Whether lobbying would make a difference is debatable, but what is clear to all who follow the 17th Parliament deliberations is the strange decisions that are often taken and the sudden reversals that occur without any clarity or even attempt to set up such changes.
Perhaps the weirdest decision-making process was regarding the issue of the creation of the decentralisation council.
The government draft law called for 75 per cent of the members to be elected and the rest to be appointed by the executive branch.
A group of non-governmental organisations was formed last year with the expressed goal of working with members of Parliament to support a progressive decentralisation law. Every single MP was approached, invited to lunch, asked to attend public events in their communities with the goal of convincing them to vote for improving the draft law.
The idea was that elections should be the only way to choose members without appointments.
Another issue that was repeatedly discussed was the need to have a similar women’s quota in the decentralised councils, similar to the ones in municipalities or Parliament itself.
When the relevant clauses came up for a vote on Clause 17, the plenary indeed voted to scrap the idea of appointments and accepted that all council members will be elected.
Members of Parliament also agreed to a resolution presented by Jerash MP Wafaa Bani Mustafa to add 15 per cent members in the form of a women’s quota. Civil society celebrated this victory that was the result of months of lobbying efforts.
But the following day, after lunch and before closing the voting, the speaker suddenly asked members of Parliament to revote on Clause 17 again and before a count could be assessed, he declared that the changes had been voted down and that the draft government text for appointing 25 per cent of the members had been agreed to by the majority.
No discussion took place before that last-minute vote. No one explained to the members why they had to go back on a decision that was duly discussed within the committee and the plenary, and voted on freely.
Also, no one knows exactly who voted for it, since Parliamentarians rarely use the electronic voting system at their disposal.
The Parliament does not present the names of those who vote for or against any single resolution unless the vote is questioned by fellow members of Parliament.
Immediately after the vote, the decentralisation law was passed and the session was adjourned.

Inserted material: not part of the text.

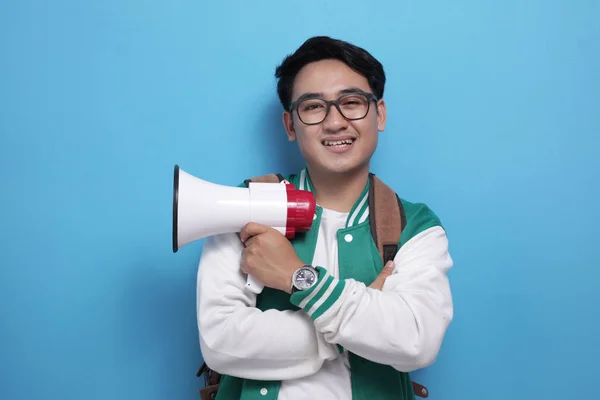 穿着绿色夹克衫，手持扩音器的自豪的亚洲年轻男生 — 图库照片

The only obstacle that remains now is the senate, which is made up of former officials that are appointed by Royal Decree.
The last-minute change of the above vote has turned a victory of the people into a defeat and shows the fact that Parliament is not as independent as the Constitution has called for it to be.
Some would argue that a bad decentralisation law is better than no law and that once a better election law is passed Parliament will be more representative of the will of the people.
Until then, it is difficult to be too thrilled about the tiny reform steps taking place.